Не скрывает Ахмадулина своей зависти и к молодой Ахматовой, «худой, как рабы на галере», и к седой, «как колокол, грузной, с вещим слухом», «с этим неописуемым зобом, полным песни, уже неземной». В этой зависти нет ни подобострастия, ни приниженности. Сочувствуя «нищей пленнице рая и ада», Б. Ахмадулина желала бы обладать таким же поэтическим даром: «О, когда б я была так богата, / что мне прелесть оставшихся дней?» Но понимает, что это чревато расплатой: «Но я знаю, какая расплата / за судьбу быть не мною, а ей». Это означает, что невозможно принять и повторить чужую судьбу, чужой талант. Необходимо оставаться самим собой и быть похожим только на себя.

В 1967 г., когда Б. Пастернака и А. Ахматовой уже не было в живых, Ахмадулина «сообщает» о недавней смерти тех, кто воспел «царскосельских садов дерева» и «переделкинских рощиц деревья», в рай, туда, где отдыхает М. Цветаева, тем самым соединив воедино, навечно трёх поэтов Серебряного века, как перед этим А. Ахматова присоединила к «двум голосам перекличке» — Осипу и Борису — «письмо от Марины» и себя («Нас четверо», 1961).

  • Средь всех твоих бед и плетей
  • только два тебе есть утешенья:
  • что не знала двух этих смертей
  • и воспела два этих рожденья.
(«Четверть века, Марина, тому…», 1967).

Итак, мы убеждаемся, что, беседуя с классиками, Б. Ахмадулина, делилась с ними своими тревогами и заботами и в то же время соучаствовала в их жизни, мечтая изменить её к лучшему. А толчком к беседам часто служили автобиографические факты и посещения ею тех мест, где жили или бывали её герои (Петербург, Воронеж, Калуга, Таруса, Репино, Переделкино), а также её настроения и состояние души и тела (сон, бессонница, болезнь).
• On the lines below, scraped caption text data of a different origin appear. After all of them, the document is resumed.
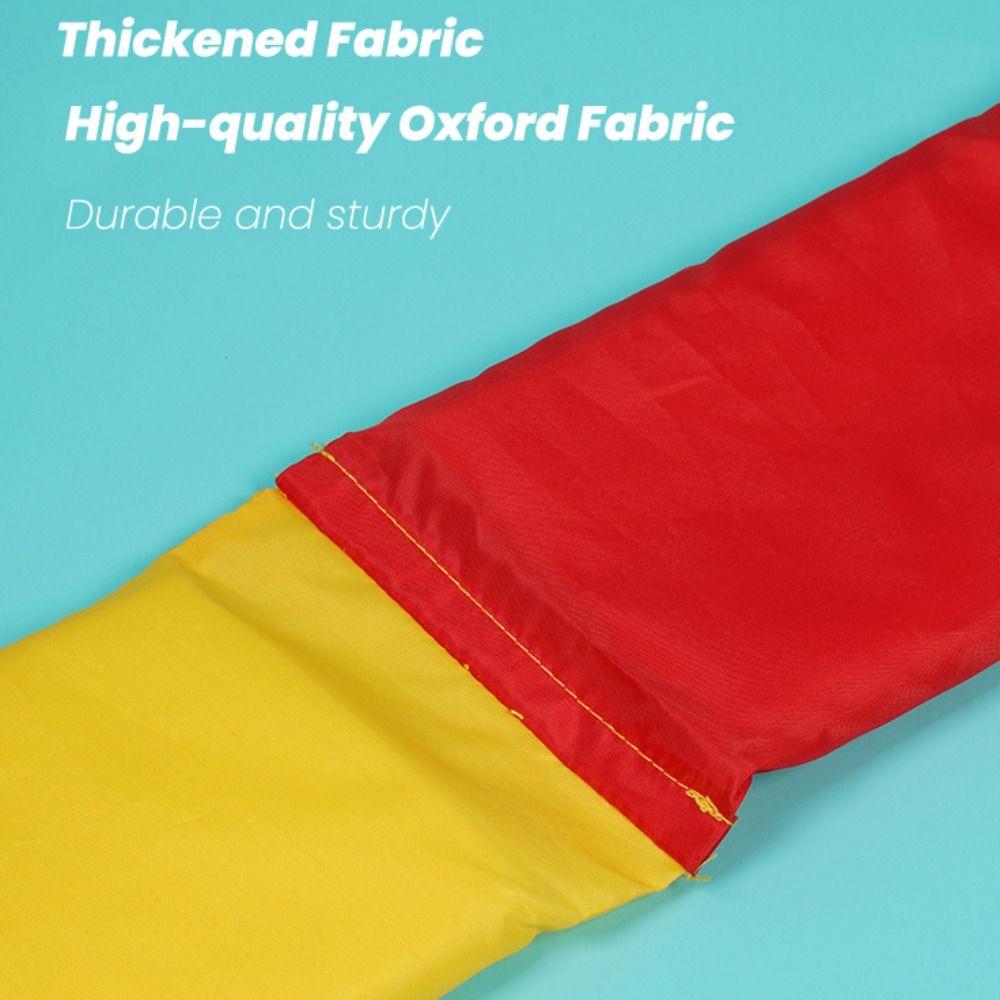 Drill Hole Jumping Lattice Hole Folding Physical Training Props Hopscotch Hole  Children Outdoor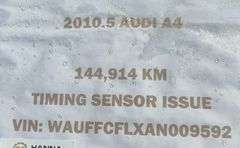 2010 AUDI A4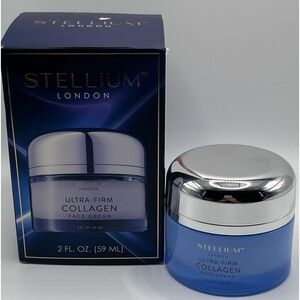 STELLIUM Ultra-Firm Collagen Face Cream 2 Fl oz Fragrance Free ~ NIB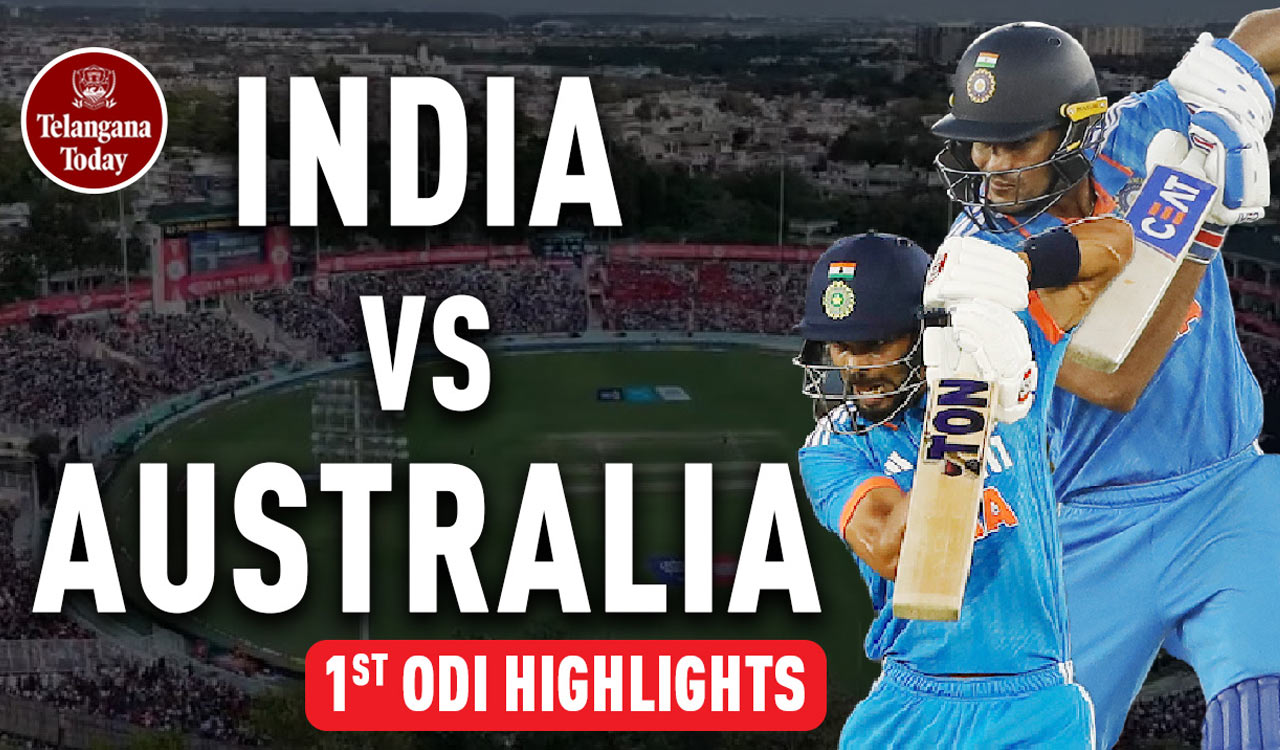 India vs Australia 1st ODI Highlights: Gill And Ruturaj Dominate Australian Bowlers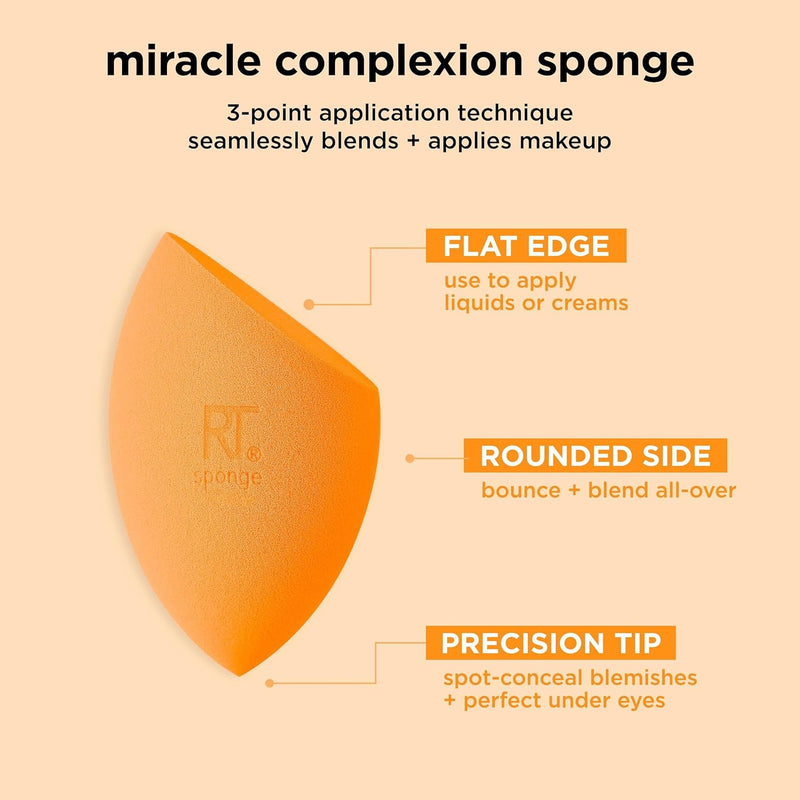 REAL TECHNIQUES Facial Makeup Brush - 13Ml (Packaging And Handle Model May Vary)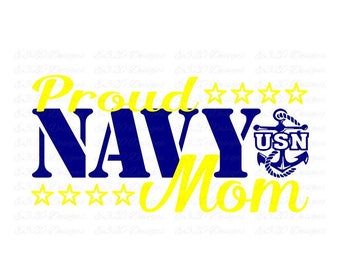 Free Free Proud Navy Mom Svg 578 SVG PNG EPS DXF File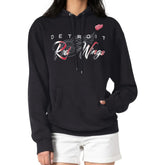 Detroit Red Wings G-III 4Her by Carl Banks Shadow Logo Fleece Pullover Hoodie - Black | NHL on sale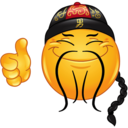 Chinese Smile — emoji emoji for Slack & Discord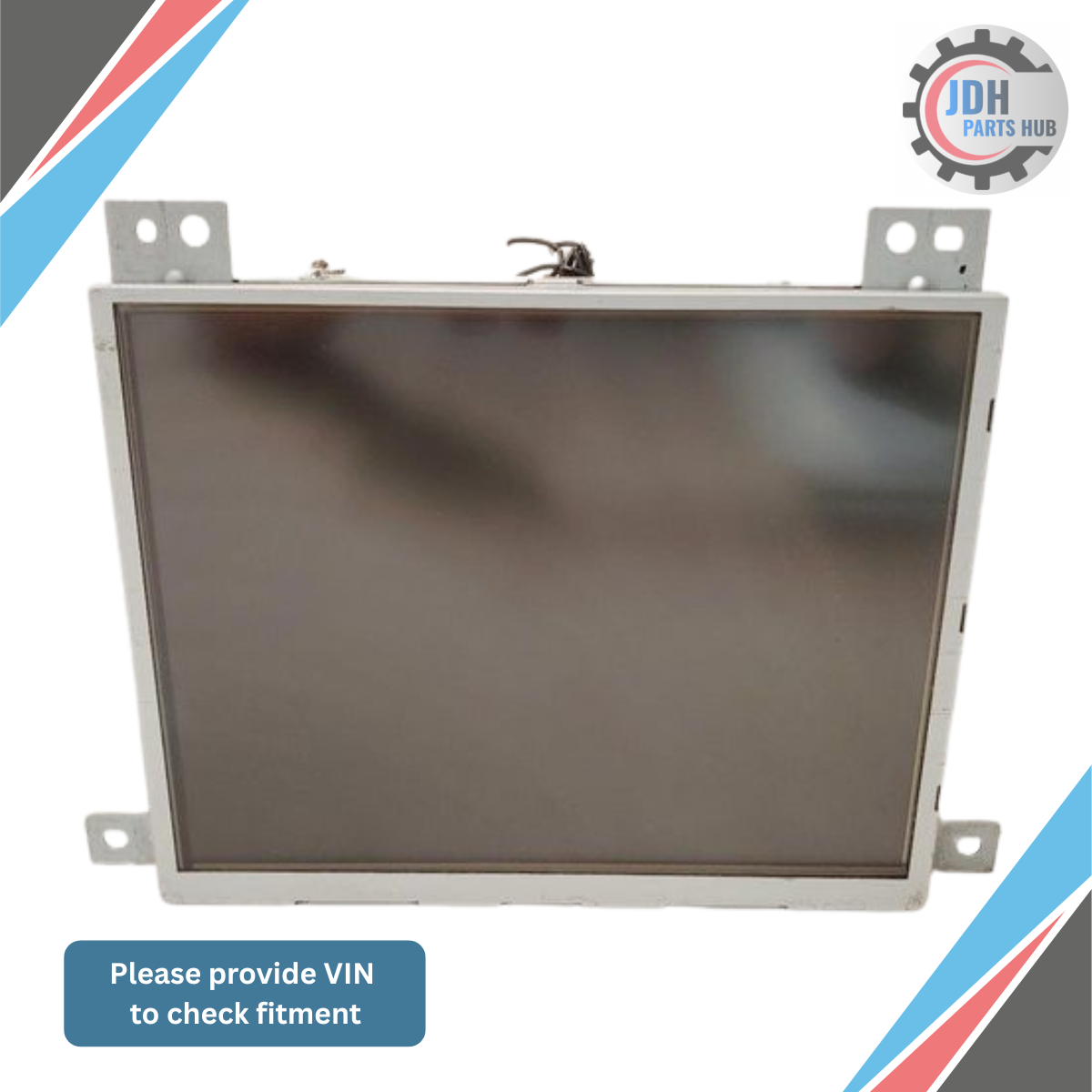 2011–2014 DODGE CHARGER Info-GPS-TV Radio Info 8.4" Front Display Screen GENUINE — view 1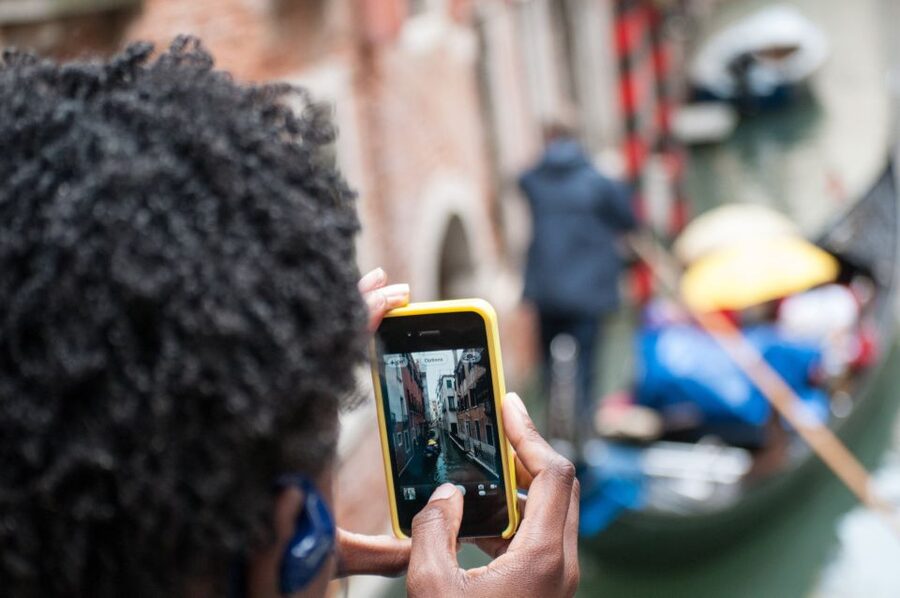 Secret Venice & Gondola Tour - Fenice Theatre from the outside: what the rebuilding means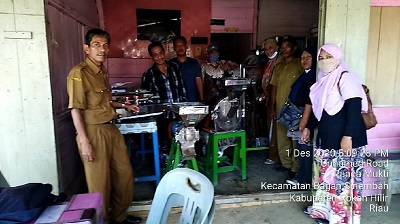 Bantuan Fasilitasi Sarana Pengolahan Cabai Dan Bawang 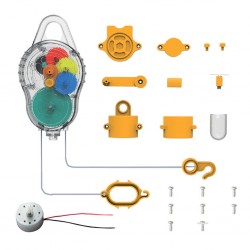 GREN SCIENCE DUAL POWER LIGTH, DINAMO CON LUZ EXPERIMENTOS 4M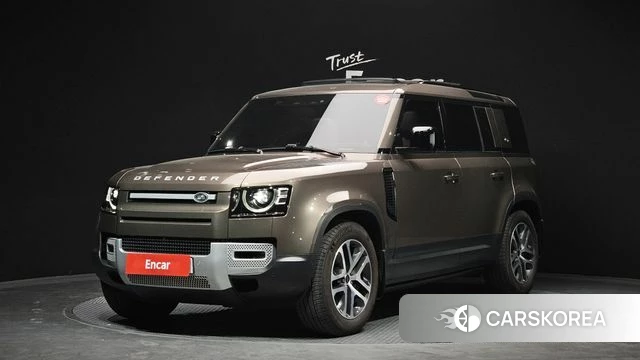 Land Rover Defender (L663) 2023 Коричневый из Кореи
Теперь, когда Белла Ахмадулина ушла от нас в мир иной и присоединилась к своим великим собеседникам, кто-нибудь из новых стихотворцев выберет и её в качестве образца, будет беседовать с нею, «как живой с живыми говоря» (В. Маяковский), и даже станет завидовать ей, но пойдёт собственной творческой дорогой, помня пушкинский завет: «Бреду своим путём: Будь всякий при своём».

2011

«Повторяю за Пушкиным вслед»

(Н. Горбаневская и Б. Кенжеев)

  • Безмолвствуешь, как пушкинский народ.
Н. Горбаневская
  • Слава — яркая заплата. Это Пушкин написал.
Б. Кенжеев

Казалось бы, что общего у столь непохожих поэтов разных поколений, как Наталья Горбаневская и Бахыт Кенжеев. Ну, скажете вы, они оба какое-то время обитали в Ленинграде-Питере и сохранили привязанность к этому городу; оба были диссидентами и нонконформистами и публиковались в самиздате, потом эмигрировали из Советского Союза и проживали она во Франции, а он в Канаде. Но это биографические переклички. А есть и творческие. И Н. Горбаневская, и Б. Кенжеев ощущают себя наследниками русской классической поэзии и любят ссылаться на предшественников и цитировать их: «чтобы подслушать у кого угодно и не сумняшась выдать за своё» (Н. Горбаневская), «Или и впрямь настоящее — только цитата / из неизвестного? Полно отыскивать сходство / между чужим и своим» (Б. Кенжеев). А главным, постоянным спутником и собеседником обоих является «солнце русской поэзии» — А.С. Пушкин. К примеру, они оба описывают один и тот же памятник великому поэту в Москве на Тверском бульваре: «А тот, в плаще, в цепях, склонивши кудри, / неужто всё про свой «тяжёлый век» (Н. Горбаневская) и «Поэт, / чуть улыбаясь, смотрит с постамента / чугунного <…> а глупые студенты, / хихикая, перевирают строки / про милость к падшим…» (Б. Кенжеев). К тому же у второго на столе стоит статуэтка — «печальный Пушкин на скамейке, в цилиндре, с деревянной тростью». И нынешний стихотворец до поздней ночи засиживается над «ветхим Пушкиным» и предаётся «пушкинской лени».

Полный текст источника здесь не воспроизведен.